The carriers responded [PDF] at the time with a scheme fundamentally of the form it exists in now. In particular, they copied the Banking Industry Ombudsman model of a Board made up of industry representatives and a Council of consumers and industry.
Legislation passed in 1997 subsequently required all carriers and service providers to be members of the scheme, but otherwise did not interfere in the arrangements of the scheme. Under the TIO's original constitution, the Federal Minister for Consumer Affairs had to be advised of certain appointments, but due to the non-responsiveness of various Ministers, this requirement was deleted.
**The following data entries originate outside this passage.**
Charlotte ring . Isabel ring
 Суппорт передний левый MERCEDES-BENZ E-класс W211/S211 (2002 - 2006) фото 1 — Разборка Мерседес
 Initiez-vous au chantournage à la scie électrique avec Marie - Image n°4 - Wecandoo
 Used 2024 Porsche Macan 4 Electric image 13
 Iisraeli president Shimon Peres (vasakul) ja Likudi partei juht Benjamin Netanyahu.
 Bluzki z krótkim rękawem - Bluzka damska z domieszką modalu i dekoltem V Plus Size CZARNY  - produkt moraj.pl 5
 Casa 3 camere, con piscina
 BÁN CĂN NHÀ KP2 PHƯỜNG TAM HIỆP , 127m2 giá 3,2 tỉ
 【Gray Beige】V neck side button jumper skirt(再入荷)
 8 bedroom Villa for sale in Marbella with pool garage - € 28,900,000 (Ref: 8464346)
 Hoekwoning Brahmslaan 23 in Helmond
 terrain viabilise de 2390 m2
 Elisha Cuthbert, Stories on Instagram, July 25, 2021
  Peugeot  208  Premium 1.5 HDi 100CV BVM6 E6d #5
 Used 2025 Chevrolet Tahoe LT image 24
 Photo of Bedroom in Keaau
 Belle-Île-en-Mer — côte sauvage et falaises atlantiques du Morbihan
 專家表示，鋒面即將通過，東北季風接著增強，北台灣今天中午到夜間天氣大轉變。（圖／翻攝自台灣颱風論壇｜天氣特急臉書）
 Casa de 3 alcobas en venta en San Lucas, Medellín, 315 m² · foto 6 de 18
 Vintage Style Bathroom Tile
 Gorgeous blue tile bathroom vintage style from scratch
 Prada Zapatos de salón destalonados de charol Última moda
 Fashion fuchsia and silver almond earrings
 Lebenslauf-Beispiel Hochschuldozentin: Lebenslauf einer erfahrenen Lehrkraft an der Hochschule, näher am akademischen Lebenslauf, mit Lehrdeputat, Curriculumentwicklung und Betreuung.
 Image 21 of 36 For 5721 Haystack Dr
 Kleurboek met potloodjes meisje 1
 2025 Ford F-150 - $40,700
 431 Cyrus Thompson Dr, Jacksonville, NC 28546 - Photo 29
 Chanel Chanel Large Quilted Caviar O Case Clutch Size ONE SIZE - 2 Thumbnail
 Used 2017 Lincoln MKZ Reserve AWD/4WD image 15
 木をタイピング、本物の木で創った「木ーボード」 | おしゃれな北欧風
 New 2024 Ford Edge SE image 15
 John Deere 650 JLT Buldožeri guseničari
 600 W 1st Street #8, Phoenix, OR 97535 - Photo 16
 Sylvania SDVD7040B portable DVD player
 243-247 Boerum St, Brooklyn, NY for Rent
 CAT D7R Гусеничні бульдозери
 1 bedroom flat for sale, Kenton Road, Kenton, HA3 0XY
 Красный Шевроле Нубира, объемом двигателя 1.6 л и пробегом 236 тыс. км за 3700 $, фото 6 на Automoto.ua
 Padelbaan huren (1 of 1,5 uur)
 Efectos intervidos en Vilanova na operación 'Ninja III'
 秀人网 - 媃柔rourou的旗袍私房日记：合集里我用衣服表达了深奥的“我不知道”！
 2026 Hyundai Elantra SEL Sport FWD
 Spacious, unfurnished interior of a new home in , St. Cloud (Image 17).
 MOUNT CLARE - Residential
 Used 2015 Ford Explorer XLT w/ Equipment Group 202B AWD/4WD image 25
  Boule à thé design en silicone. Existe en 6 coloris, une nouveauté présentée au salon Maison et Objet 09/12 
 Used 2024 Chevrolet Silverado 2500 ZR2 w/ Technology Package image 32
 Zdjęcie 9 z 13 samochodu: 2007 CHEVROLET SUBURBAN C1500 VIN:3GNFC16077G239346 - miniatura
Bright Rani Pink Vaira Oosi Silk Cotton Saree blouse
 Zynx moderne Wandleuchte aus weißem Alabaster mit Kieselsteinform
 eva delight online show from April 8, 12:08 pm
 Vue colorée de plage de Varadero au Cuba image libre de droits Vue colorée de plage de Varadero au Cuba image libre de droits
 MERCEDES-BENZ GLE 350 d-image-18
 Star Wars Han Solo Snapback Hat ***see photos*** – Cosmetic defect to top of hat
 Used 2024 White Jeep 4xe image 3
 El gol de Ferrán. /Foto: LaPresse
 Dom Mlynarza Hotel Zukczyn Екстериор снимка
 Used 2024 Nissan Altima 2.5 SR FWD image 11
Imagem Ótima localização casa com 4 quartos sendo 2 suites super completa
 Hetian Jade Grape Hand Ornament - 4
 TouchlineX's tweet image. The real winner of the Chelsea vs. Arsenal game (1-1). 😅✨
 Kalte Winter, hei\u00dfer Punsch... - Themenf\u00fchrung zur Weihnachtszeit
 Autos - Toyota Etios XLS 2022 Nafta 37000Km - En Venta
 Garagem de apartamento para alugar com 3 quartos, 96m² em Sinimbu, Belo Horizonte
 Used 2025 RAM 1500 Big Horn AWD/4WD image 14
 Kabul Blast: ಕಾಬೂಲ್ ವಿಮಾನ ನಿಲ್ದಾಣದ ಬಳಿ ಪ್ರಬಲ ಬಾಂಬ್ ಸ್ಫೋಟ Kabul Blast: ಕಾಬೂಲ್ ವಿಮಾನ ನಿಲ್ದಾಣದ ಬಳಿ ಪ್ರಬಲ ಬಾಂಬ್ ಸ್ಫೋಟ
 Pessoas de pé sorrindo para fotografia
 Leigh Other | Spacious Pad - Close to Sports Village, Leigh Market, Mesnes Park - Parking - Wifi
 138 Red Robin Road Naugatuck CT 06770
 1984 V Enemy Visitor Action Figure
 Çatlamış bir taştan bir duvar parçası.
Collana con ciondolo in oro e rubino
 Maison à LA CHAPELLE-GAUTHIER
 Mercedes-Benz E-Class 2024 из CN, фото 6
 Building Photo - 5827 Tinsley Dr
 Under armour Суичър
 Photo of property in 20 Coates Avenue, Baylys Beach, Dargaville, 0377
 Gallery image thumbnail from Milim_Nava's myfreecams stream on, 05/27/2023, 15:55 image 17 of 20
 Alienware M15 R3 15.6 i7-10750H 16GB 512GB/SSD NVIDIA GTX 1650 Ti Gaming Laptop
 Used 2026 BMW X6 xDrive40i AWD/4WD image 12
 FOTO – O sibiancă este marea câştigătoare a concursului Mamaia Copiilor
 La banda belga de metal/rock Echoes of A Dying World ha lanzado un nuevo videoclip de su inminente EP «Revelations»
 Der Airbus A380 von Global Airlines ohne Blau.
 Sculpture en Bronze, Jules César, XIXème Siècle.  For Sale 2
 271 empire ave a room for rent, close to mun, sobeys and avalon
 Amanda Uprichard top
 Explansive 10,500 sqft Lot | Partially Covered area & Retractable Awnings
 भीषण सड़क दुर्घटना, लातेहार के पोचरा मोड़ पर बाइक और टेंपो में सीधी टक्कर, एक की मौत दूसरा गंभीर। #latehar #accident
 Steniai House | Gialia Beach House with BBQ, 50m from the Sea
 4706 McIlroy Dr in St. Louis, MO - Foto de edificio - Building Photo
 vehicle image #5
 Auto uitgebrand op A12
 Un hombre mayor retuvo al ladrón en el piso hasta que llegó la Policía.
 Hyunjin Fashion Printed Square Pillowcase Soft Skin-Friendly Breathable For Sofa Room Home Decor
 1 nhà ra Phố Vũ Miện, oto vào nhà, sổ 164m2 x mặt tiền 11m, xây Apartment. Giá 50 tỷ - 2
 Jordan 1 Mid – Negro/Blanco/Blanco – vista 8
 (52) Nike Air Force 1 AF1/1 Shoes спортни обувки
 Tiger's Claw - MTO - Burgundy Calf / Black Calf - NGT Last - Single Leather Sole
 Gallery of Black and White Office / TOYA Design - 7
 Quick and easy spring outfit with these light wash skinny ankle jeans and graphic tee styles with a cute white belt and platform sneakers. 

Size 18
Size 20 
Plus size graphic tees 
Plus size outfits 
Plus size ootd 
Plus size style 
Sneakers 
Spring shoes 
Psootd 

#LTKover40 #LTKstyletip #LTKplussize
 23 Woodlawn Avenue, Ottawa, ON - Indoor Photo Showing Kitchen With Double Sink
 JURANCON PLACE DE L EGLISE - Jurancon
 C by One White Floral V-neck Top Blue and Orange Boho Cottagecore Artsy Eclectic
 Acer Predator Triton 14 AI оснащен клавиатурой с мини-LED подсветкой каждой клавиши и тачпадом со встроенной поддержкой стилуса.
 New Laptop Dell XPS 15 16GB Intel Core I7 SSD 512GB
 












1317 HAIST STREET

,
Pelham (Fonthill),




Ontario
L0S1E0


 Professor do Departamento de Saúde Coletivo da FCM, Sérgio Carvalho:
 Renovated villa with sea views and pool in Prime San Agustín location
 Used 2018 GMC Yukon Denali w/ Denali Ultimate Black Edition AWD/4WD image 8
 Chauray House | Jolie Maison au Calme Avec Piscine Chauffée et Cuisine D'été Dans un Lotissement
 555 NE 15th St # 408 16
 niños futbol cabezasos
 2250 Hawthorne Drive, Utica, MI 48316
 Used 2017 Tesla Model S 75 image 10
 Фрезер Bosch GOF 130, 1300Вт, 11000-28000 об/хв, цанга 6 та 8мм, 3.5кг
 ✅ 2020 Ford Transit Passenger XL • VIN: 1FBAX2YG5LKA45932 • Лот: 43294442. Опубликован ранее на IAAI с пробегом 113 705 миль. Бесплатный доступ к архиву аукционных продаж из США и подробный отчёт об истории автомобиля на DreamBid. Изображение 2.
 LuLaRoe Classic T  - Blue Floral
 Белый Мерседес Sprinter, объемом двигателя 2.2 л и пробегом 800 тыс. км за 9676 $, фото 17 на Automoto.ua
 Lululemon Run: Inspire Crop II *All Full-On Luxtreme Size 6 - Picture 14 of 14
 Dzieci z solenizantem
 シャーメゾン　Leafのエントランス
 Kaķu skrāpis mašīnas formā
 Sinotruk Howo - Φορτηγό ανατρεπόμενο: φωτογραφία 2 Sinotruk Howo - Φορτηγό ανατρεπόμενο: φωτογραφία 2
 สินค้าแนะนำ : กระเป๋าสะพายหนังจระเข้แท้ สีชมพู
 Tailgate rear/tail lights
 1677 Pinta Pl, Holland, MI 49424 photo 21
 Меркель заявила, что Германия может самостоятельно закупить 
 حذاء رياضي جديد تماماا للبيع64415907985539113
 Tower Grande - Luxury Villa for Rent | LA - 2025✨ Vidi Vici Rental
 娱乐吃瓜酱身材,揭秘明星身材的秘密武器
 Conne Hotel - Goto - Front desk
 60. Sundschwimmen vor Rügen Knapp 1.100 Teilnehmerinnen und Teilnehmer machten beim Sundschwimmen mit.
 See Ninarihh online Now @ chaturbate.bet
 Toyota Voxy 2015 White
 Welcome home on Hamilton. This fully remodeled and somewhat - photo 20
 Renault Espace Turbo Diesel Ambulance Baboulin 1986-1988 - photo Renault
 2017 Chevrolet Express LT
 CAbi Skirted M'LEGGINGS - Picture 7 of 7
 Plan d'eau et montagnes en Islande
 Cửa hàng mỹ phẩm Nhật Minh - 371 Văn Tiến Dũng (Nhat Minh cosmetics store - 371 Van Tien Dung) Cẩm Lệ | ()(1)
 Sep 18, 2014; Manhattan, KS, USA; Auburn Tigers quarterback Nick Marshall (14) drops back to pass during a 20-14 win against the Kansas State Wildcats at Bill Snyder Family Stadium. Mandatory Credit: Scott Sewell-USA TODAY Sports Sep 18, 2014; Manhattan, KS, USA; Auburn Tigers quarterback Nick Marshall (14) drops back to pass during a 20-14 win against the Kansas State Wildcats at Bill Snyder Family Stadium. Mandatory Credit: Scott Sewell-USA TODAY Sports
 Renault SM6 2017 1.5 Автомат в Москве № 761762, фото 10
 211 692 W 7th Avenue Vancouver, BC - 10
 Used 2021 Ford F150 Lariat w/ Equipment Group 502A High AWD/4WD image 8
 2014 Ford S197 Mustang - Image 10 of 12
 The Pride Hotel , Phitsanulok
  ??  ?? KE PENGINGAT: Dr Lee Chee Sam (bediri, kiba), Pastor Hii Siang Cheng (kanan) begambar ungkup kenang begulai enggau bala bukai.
This dual governance structure has not only been criticised by ACCAN, but in a submission by former holders of the position of industry Ombudsman. The last two appointed Ombudsman, John Pinnock and Deirdre O'Donnell, have been joined by Simon Cleary (a Deputy Ombudsman who also acted as Ombudsman) in a submission that said that reforming the governance model would provide better protection of the independence of the Ombudsman, greater efficiency and effectiveness (given the time the Ombudsman spends in serving two masters) and because a single governing body is now industry ombudsman best practice.
The telecommunications industry position seems to be that they are unhappy with the outcomes of the scheme, while consumers seem to be unhappy that the scheme is "controlled" by industry.
Take a step back and consider that the industry is unhappy with a scheme that they, not consumers, control. Strange.
More significantly, is any of this really a problem for consumers? Consumers just want their issues resolved, and the popularity of complaining to the TIO seems to reflect consumer acceptance of this route.
Ultimately, the telecommunications industry simply needs to get better at resolving complaints internally.
Secondly if there is an issue with the governance of the scheme, then industry needs to work to have that reviewed. As it stands, the only review in train was commissioned by ACCAN.
That research - by John Wood of Baljurda Consulting - was briefly reported on at the ACCAN Research Linkage forum this week. His recommendations include support for both the need to ensure service providers have been given adequate opportunity to resolve complaints first, and the need to reform the governance structure.
Issues of governance are not always as clear cut as they seem. The submission from the three previous TIOs makes it clear that the industry "representatives" who make up the Board often adopt positions determined by their constituent firms. This ignores the strict legal responsibility that when performing their duties as a Director, their only obligation is to the TIO scheme.
It might be thought that solutions can be found by choosing "independent" directors. A Schumpter column in The Economist recently referred to research into financial firms during the GFC that showed that firms with more independent boards and institutional ownership experienced larger losses during the crisis, and that firms with more institutional ownership took more risk before the crisis.
So independence proved no guarantee of better quality.
The governance issue may be resolved by either collapsing the two governing bodies into one, or by changing the position so that Board members are all elected by the membership of the scheme, but that no Director is to be an existing employee of a member firm.
The schemes itself could consider varying the scope of potential members and the scope of services it might address.
It seems abundantly clear that the industry that created the scheme either needs to exercise its responsibility to review it in such a way that all the criticisms are resolved, or the Federal Government will need to include the future of Ombudsman arrangements under its forthcoming Convergence Review.
If the latter outcome occurs, the industry should not be surprised if a new scheme does not serve their best interests.